Designing Machine Learning for DVC Studio

July 5, 2021

Topics

Read how we helped build design and frontend for DVC Studio: a platform for tracking, visualization, and collaboration on Machine Learning experiments. DVC is a flagship product from Iterative.ai—a company that focuses on developer tools for ML and embraces the open source and Commercial Open Source Software. Both Machine Learning and COSS are part of Evil Martians’ DNA, so the project quickly became personal: we helped build a tool that we would use ourselves.

Merging Open Core and Machine Learning

In recent years, Deep Learning techniques have greatly improved accuracy in a whole family of Machine Learning tasks, making previously experimental technologies reliable enough for use in production. What used to be cutting-edge academic research is now an established industry with mature infrastructure and highly available tools that make building end-user solutions more straightforward than ever before.

One of the ways Machine Learning tools become available to businesses is a COSS (Commercial Open Source Software) model. It’s an open core that anyone can freely use and modify with an option to adopt commercial features and priority support—something that makes more economical sense for larger customers than relying on purely open source contributions. At Evil Martians, we have embraced the same approach for our OSS products: both imgproxy and AnyCable now offer commercial versions.

DVC (stands for Data Version Control) from Iterative.ai is a Git-based version control solution for Machine Learning engineers that follows the same COSS principles: free open core for individual developers and paid plans for teams and enterprises.

Martians helped the company rethink its web presence and shape the UI and frontend for sophisticated user-facing product Iterative.ai has—the DVC Studio.

Business on data

DVC was built for data scientists by data scientists: started in 2018 by Dmitry Petrov and Ivan Shcheklein, Iterative.ai is built on the experience both founders have acquired while working for companies like Microsoft, Node.io, Yandex Labs, and Google.

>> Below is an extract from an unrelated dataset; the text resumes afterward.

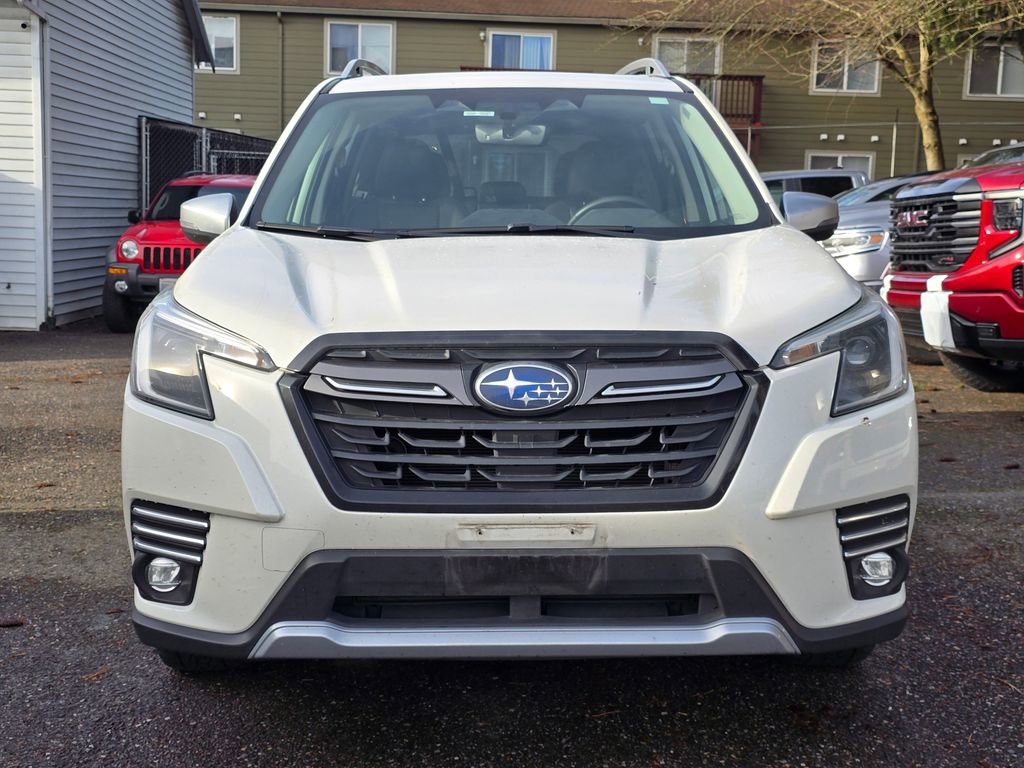 Used 2022 Subaru Forester Touring image 8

Remote-first and based in San Francisco, California, Iterative.ai raised a $20M Series A round in 2021, which brought the company’s total funding to over $25 million.

Rise of the versioning

Machine Learning models are different from “traditional” software products. Their success depends not only on planning and execution but also on training: a highly complicated process where even the slightest deviation in one of many parameters can make or break the outcome. There’s a strong demand to track all the inputs to the model and version the training variants: so that expensive CPU cycles don’t go to waste and a team can easily select the “winning” combination from a plethora of experiments. There were many approaches to that: from storing results in Python notebooks to having REST-accessible databases, but there was no standard, vendor-agnostic, lightweight toolchain to maintain data version control and model performance monitoring. Not before DVC came into play.

The DVC team believes that ML models should be treated in the same way as “traditional” code when it comes to versioning. And they decided to build upon a toolset that every software engineer out there is familiar with: Git.

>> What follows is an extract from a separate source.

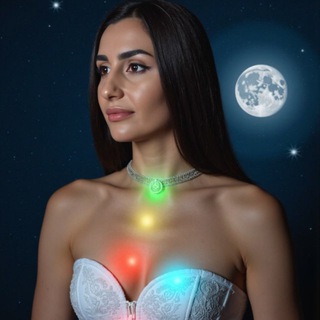 Telegram profile photo for Bella_Cosm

Git-based Machine Learning

DVC is an open source infrastructure for data management and versioning of training results. It’s a console tool that runs on top of any Git repository and is compatible with any standard Git server or provider (like GitHub or GitLab). For a developer, DVC operates like Git and uses basically the same workflow: you push and pull files to and from a remote location.

DVC is for organizing data science and ML workflows—you write a configuration to describe the experiments’ results—metrics, parameters, graphs, failures, etc. The platform can read and visualize them and build deltas.

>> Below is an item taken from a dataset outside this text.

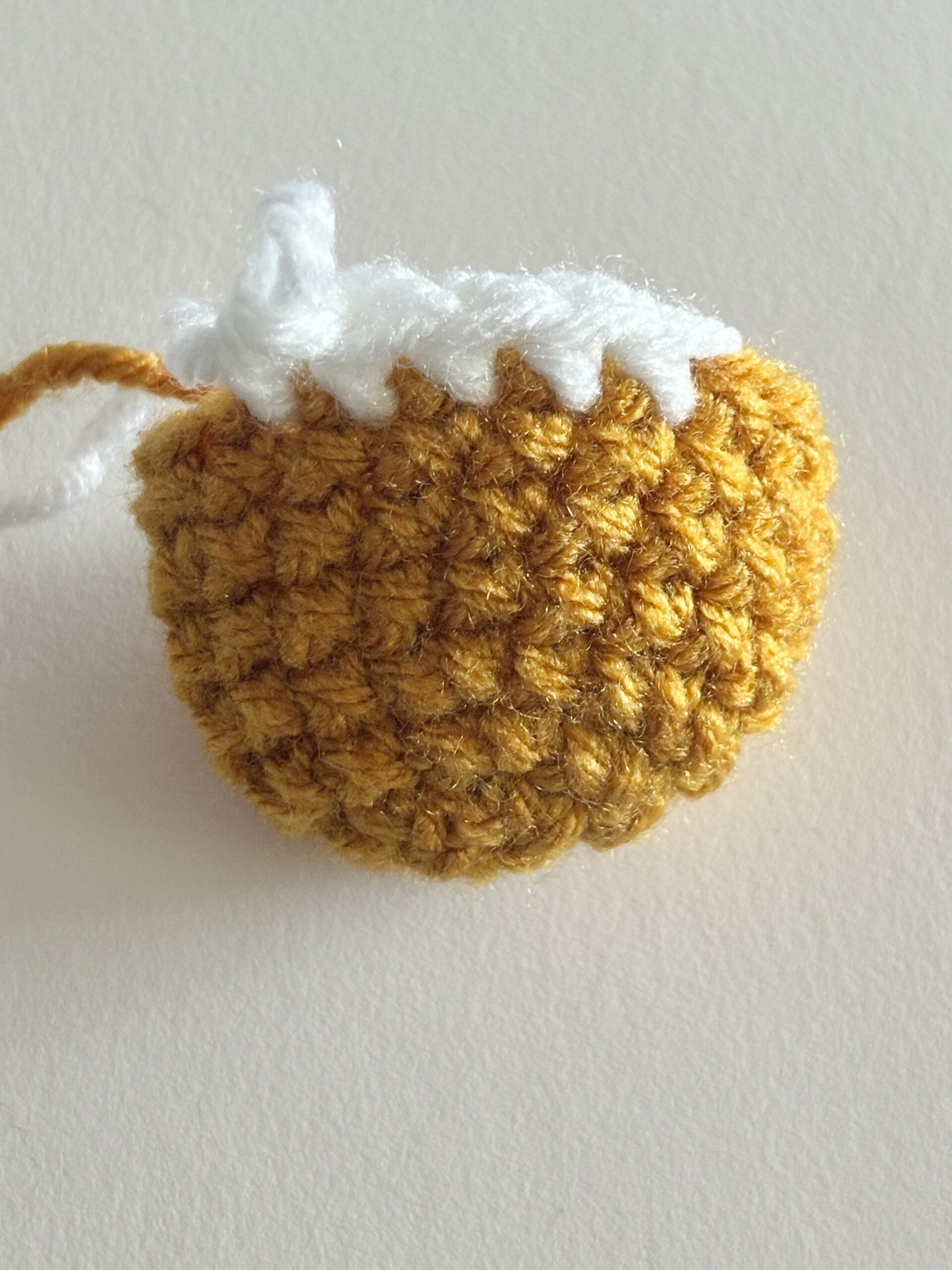 How to Switch Colours in Crochet Amigurumi New Colour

Machine Learning engineers can train models and see how they perform, whether they do better or worse, correctly store them with all related code, data sets, and results. DVC works with any modern storage: Amazon S3, Microsoft Azure Blob Storage, Google Drive, Google Cloud Storage, Aliyun OSS, SSH/SFTP, HDFS, HTTP, network-attached storage, or on-premises hardware.

This guarantees reproducibility and makes it easy to switch back and forth between experiments, keeping the full history of every ML model evolution. All the collaboration is done through Git, leveraging the muscle memory of seasoned developers.

Improving web presence

Collaboration with Evil Martians came to be through a vivid and committed DVC community. One of the community resources is the documentation website, and the DVC team was quite meticulous about it. The platform required some improvements to make its interface clear and well-structured.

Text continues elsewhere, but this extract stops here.